■ Task brief
Only the pictures should be left out; write out all other data exactly.

*** Information ***

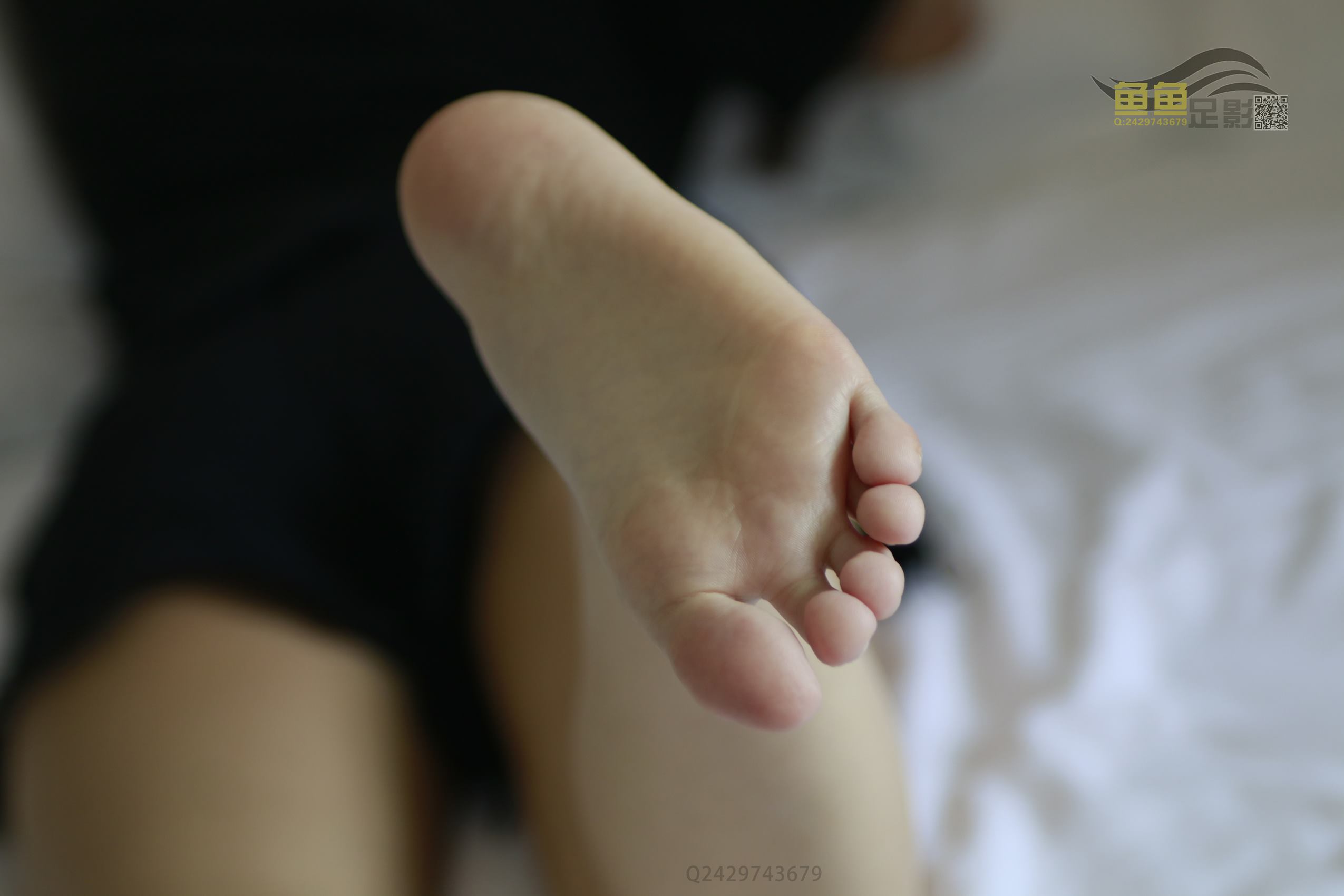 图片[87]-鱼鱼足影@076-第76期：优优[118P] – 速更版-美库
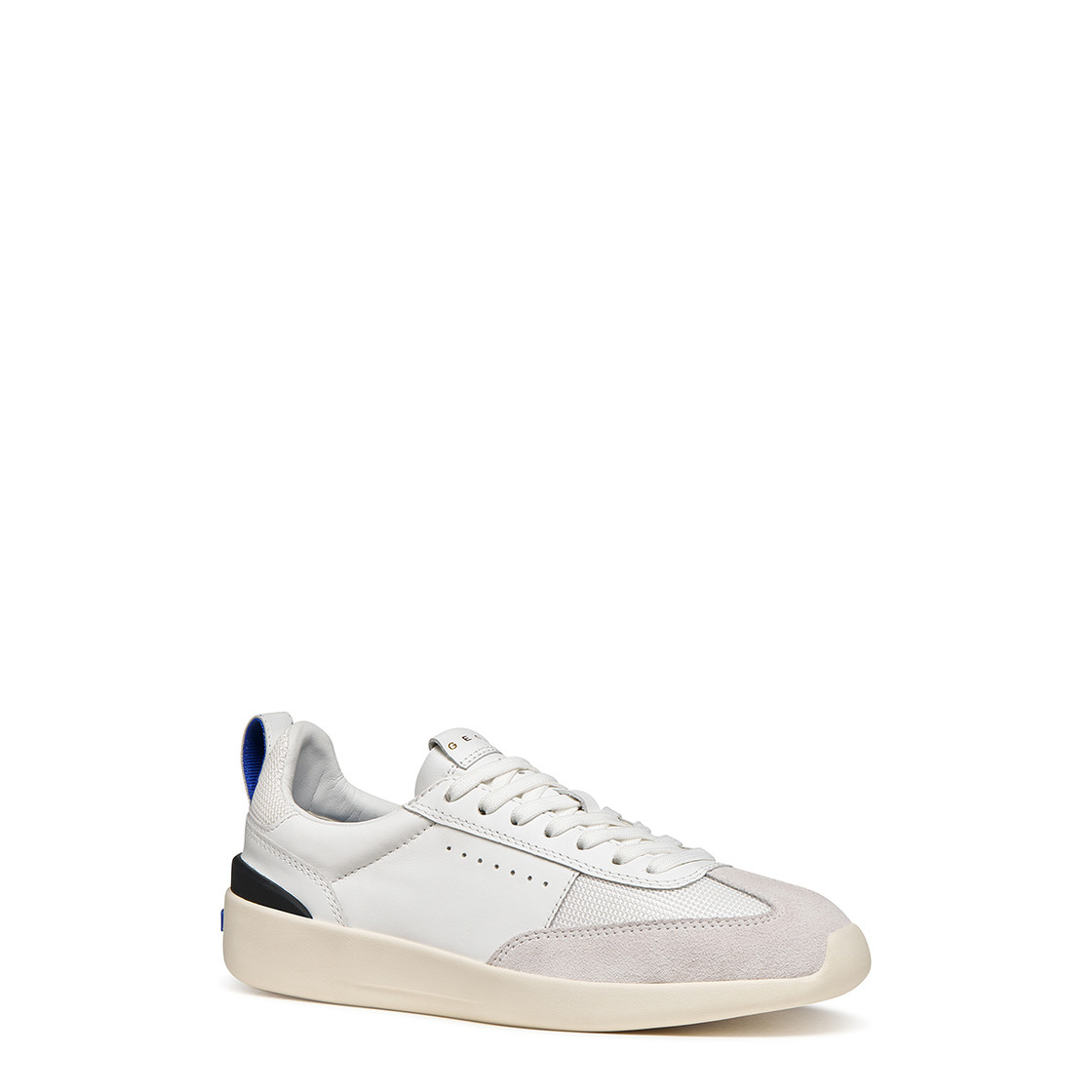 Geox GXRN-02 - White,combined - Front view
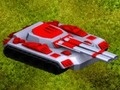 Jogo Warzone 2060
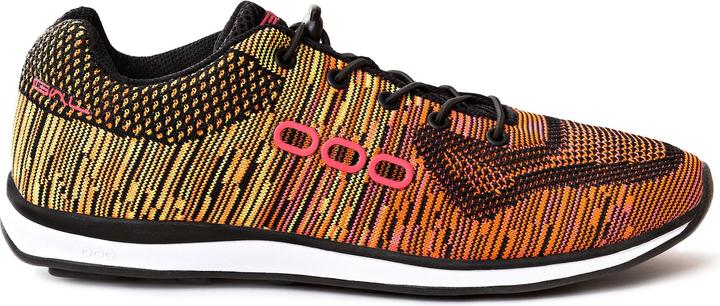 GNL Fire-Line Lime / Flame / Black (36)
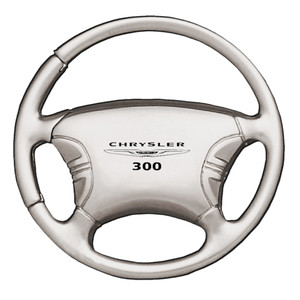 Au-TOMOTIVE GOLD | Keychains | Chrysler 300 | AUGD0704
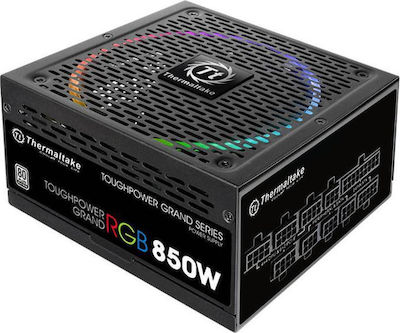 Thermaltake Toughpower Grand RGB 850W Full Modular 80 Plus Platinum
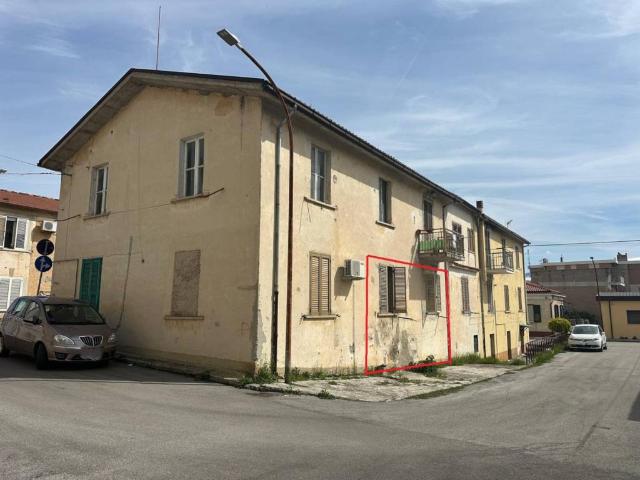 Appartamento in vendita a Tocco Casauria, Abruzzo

*** End of Information ***

■ Exercise answer
 图片[87]-鱼鱼足影@076-第76期：优优[118P] – 速更版-美库
 Geox GXRN-02 - White,combined - Front view
 Jogo Warzone 2060
 GNL Fire-Line Lime / Flame / Black (36)
 Au-TOMOTIVE GOLD | Keychains | Chrysler 300 | AUGD0704
 Thermaltake Toughpower Grand RGB 850W Full Modular 80 Plus Platinum
 Appartamento in vendita a Tocco Casauria, Abruzzo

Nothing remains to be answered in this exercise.